*INPUT MATERIAL*
-=-=-=-=-

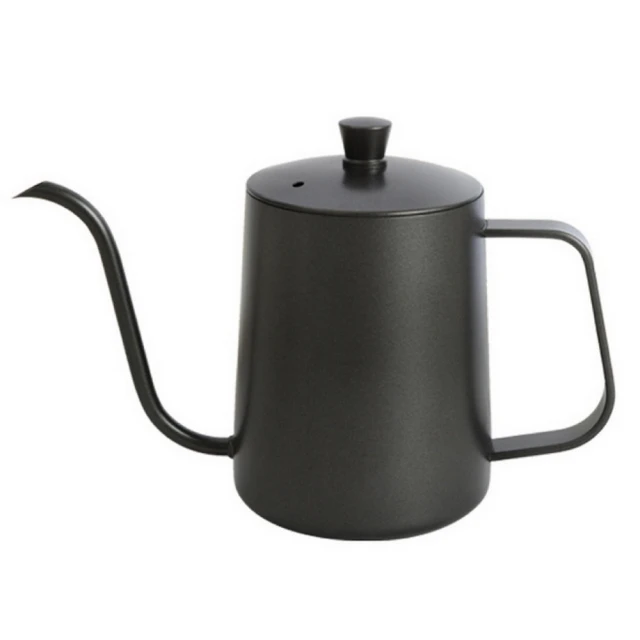 不銹鋼咖啡手沖壺 咖啡壺350ML(黑色)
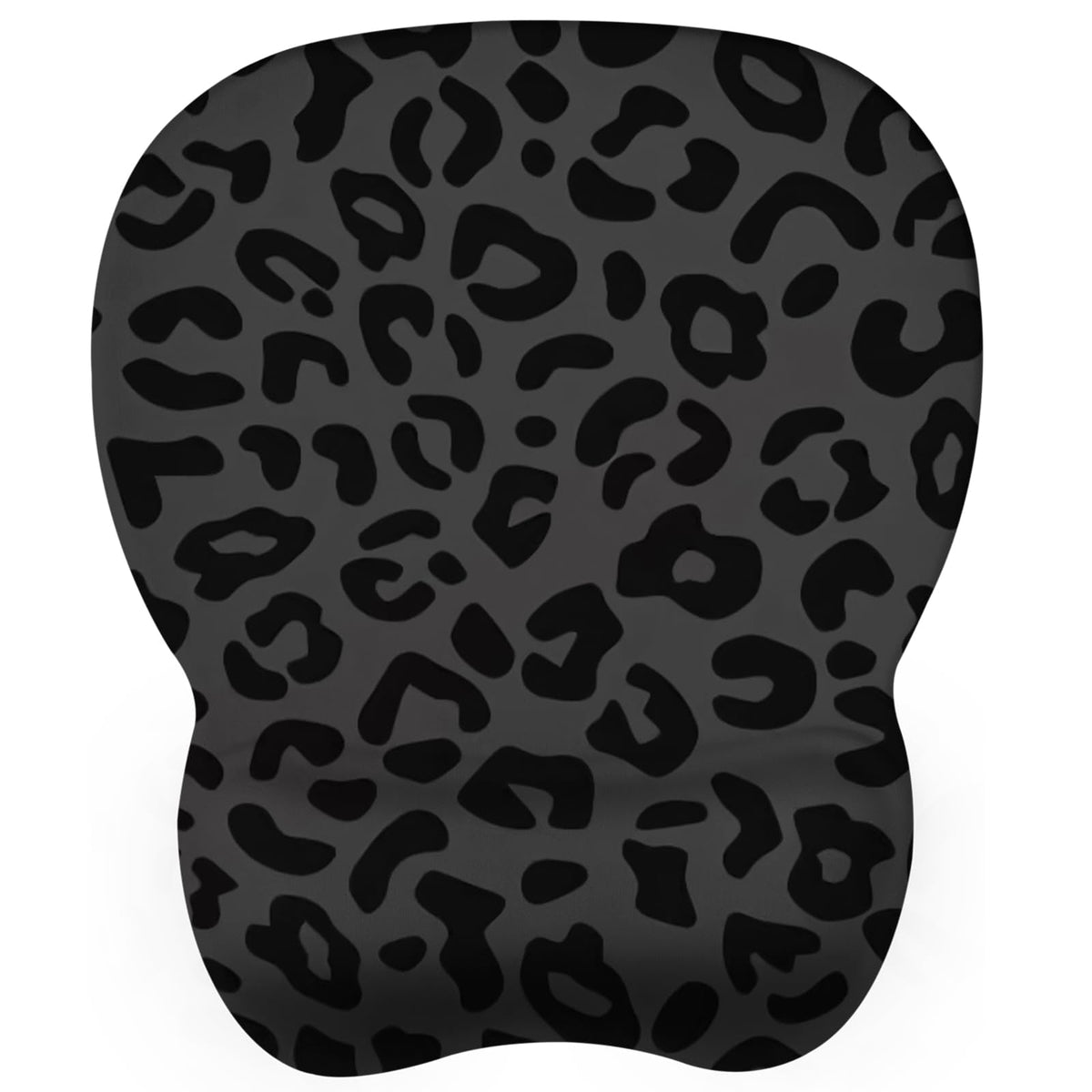 EooCoo Ergonomic Mouse Pad with Wrist Rest, Memory Foam Support Mousepad | Non-Slip Base for Computer, Cafe, Home & Office, 9.64 x 8.26 in Office Desk Accessories, Carpal Tunnel Relief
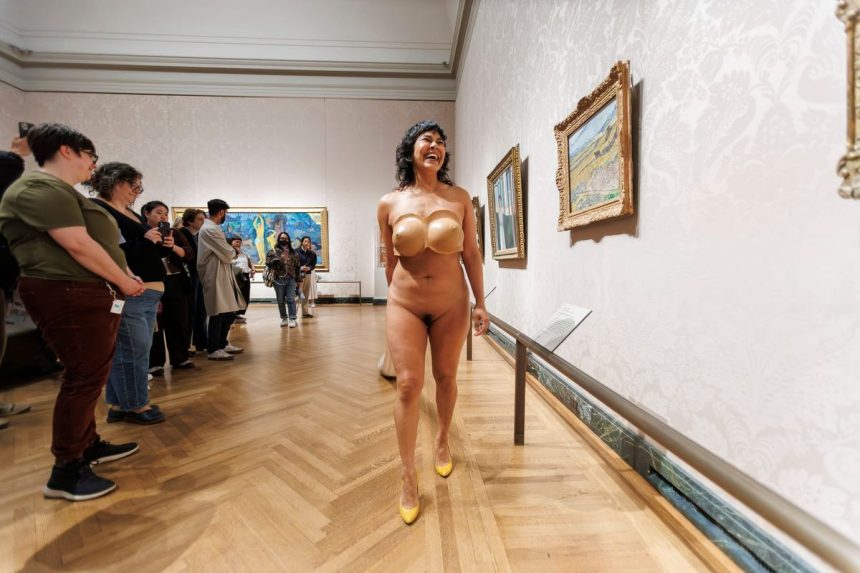 Nude Performance at MFA Boston Confronts One of Art’s Oldest Tropes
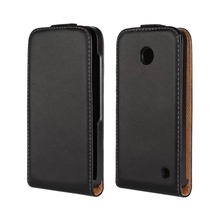 Luxury Genuine Real Leather Case Cover For Nokia Lumia 630 635 wholesales free shipping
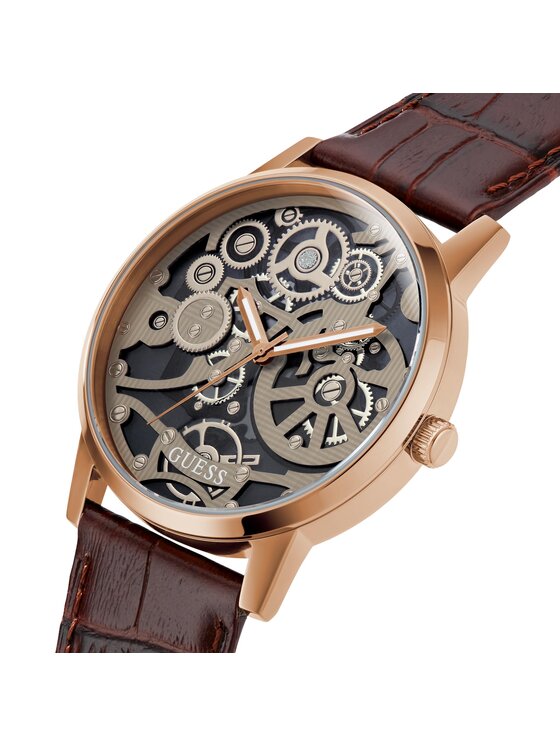Guess Guess Годинник GW0570G2 Коричневий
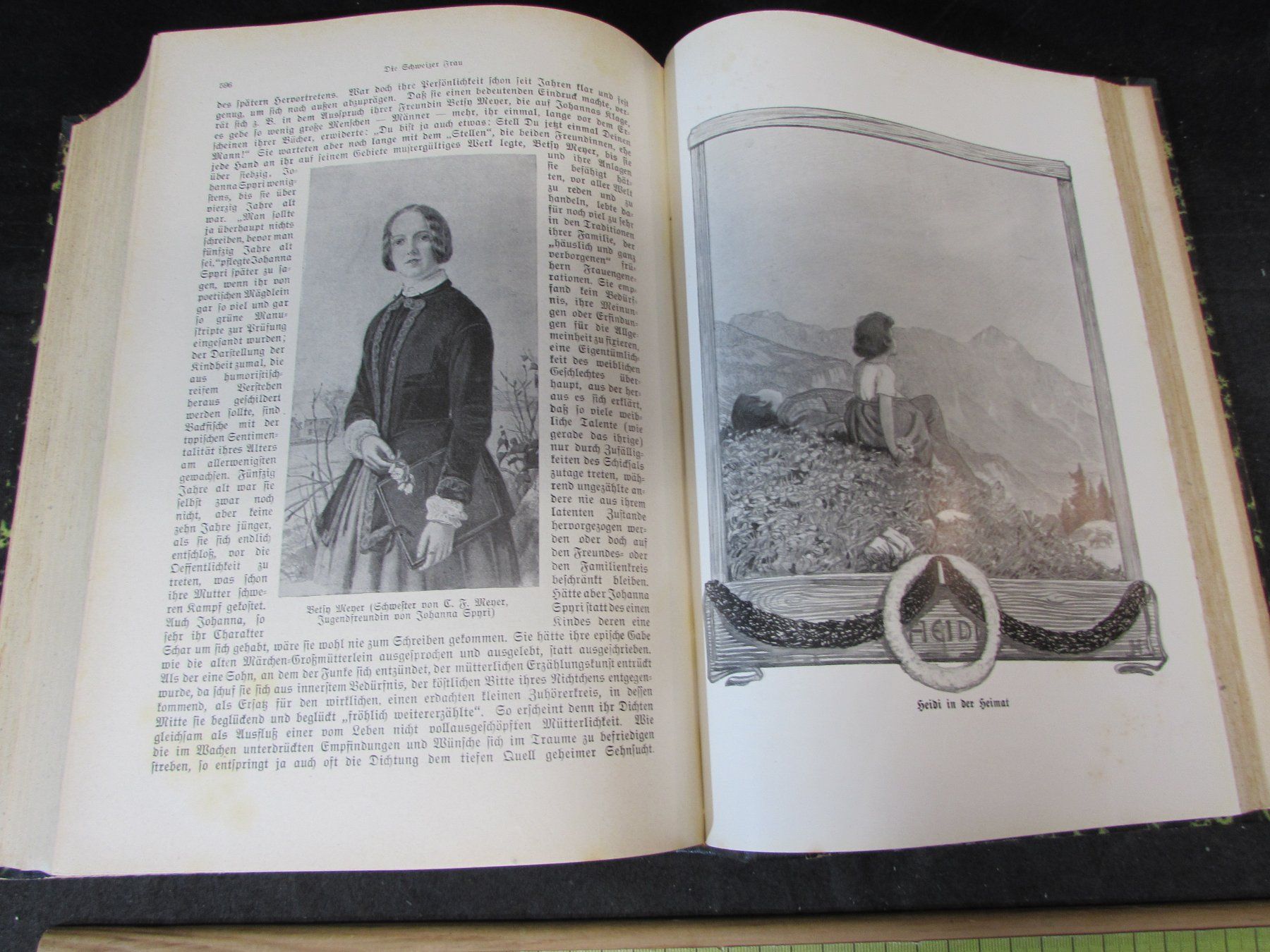 Libri: Die Schweizer Frau, Zahn 1900 – Usato da Walchwil venduto da Shells1 4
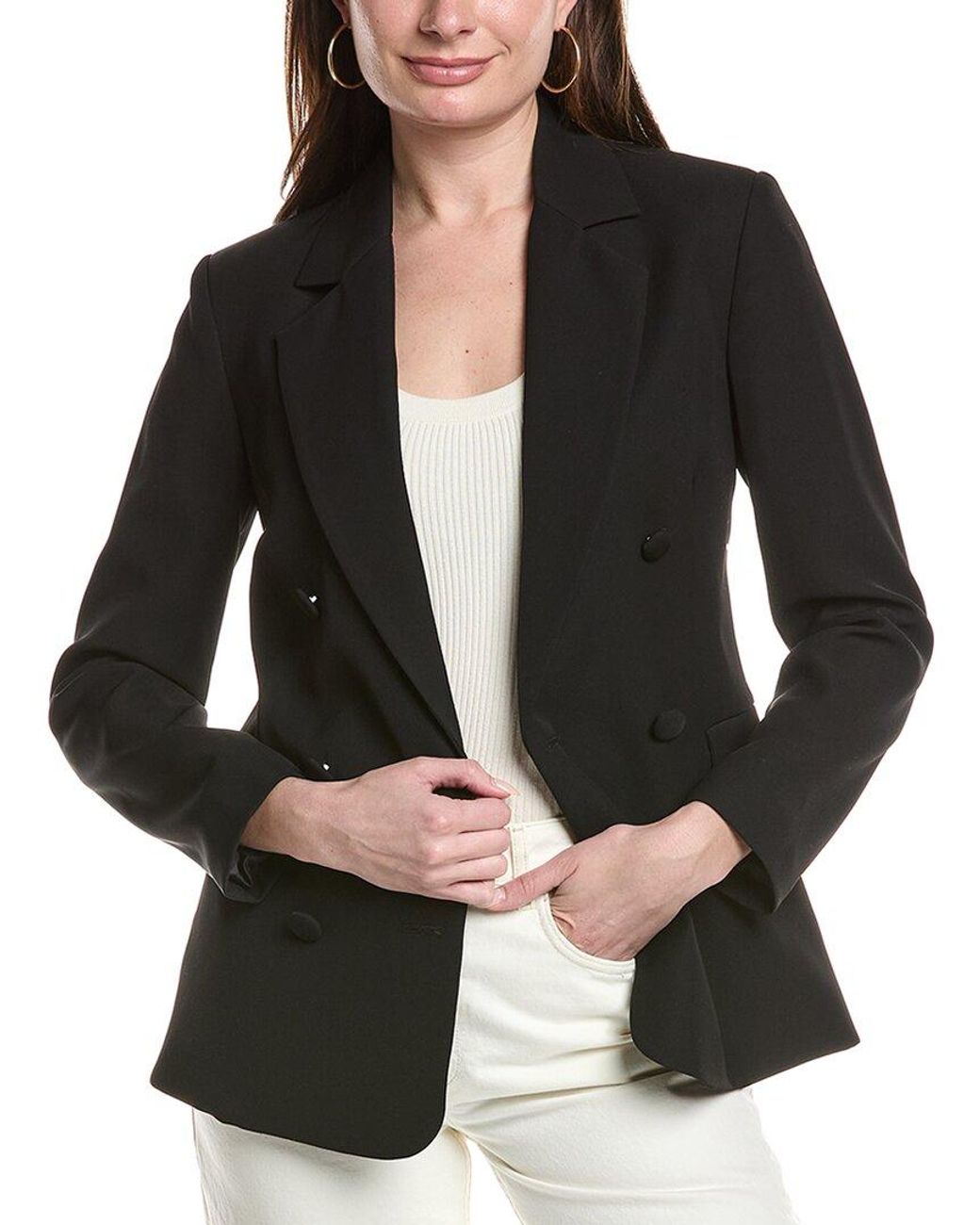 Silvian Heach Black Jacket
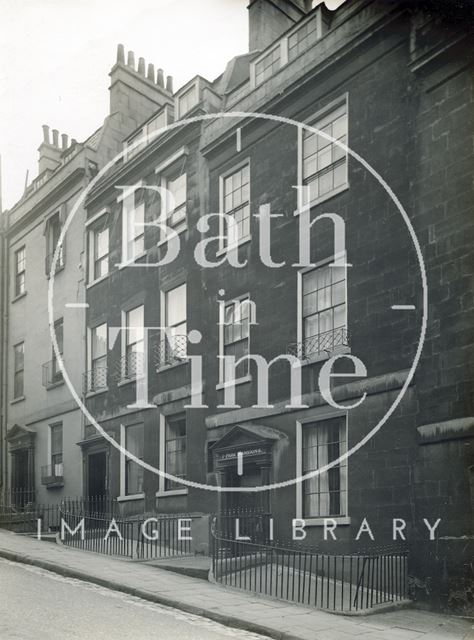 Park Street, Bath c.1940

-=-=-=-=-

*TASK*
Exclude images and repeat all entries exactly.

*SOLVED PROBLEM*
 不銹鋼咖啡手沖壺 咖啡壺350ML(黑色)
 EooCoo Ergonomic Mouse Pad with Wrist Rest, Memory Foam Support Mousepad | Non-Slip Base for Computer, Cafe, Home & Office, 9.64 x 8.26 in Office Desk Accessories, Carpal Tunnel Relief
 Nude Performance at MFA Boston Confronts One of Art’s Oldest Tropes
 Luxury Genuine Real Leather Case Cover For Nokia Lumia 630 635 wholesales free shipping
Guess Guess Годинник GW0570G2 Коричневий
 Libri: Die Schweizer Frau, Zahn 1900 – Usato da Walchwil venduto da Shells1 4
 Silvian Heach Black Jacket
 Park Street, Bath c.1940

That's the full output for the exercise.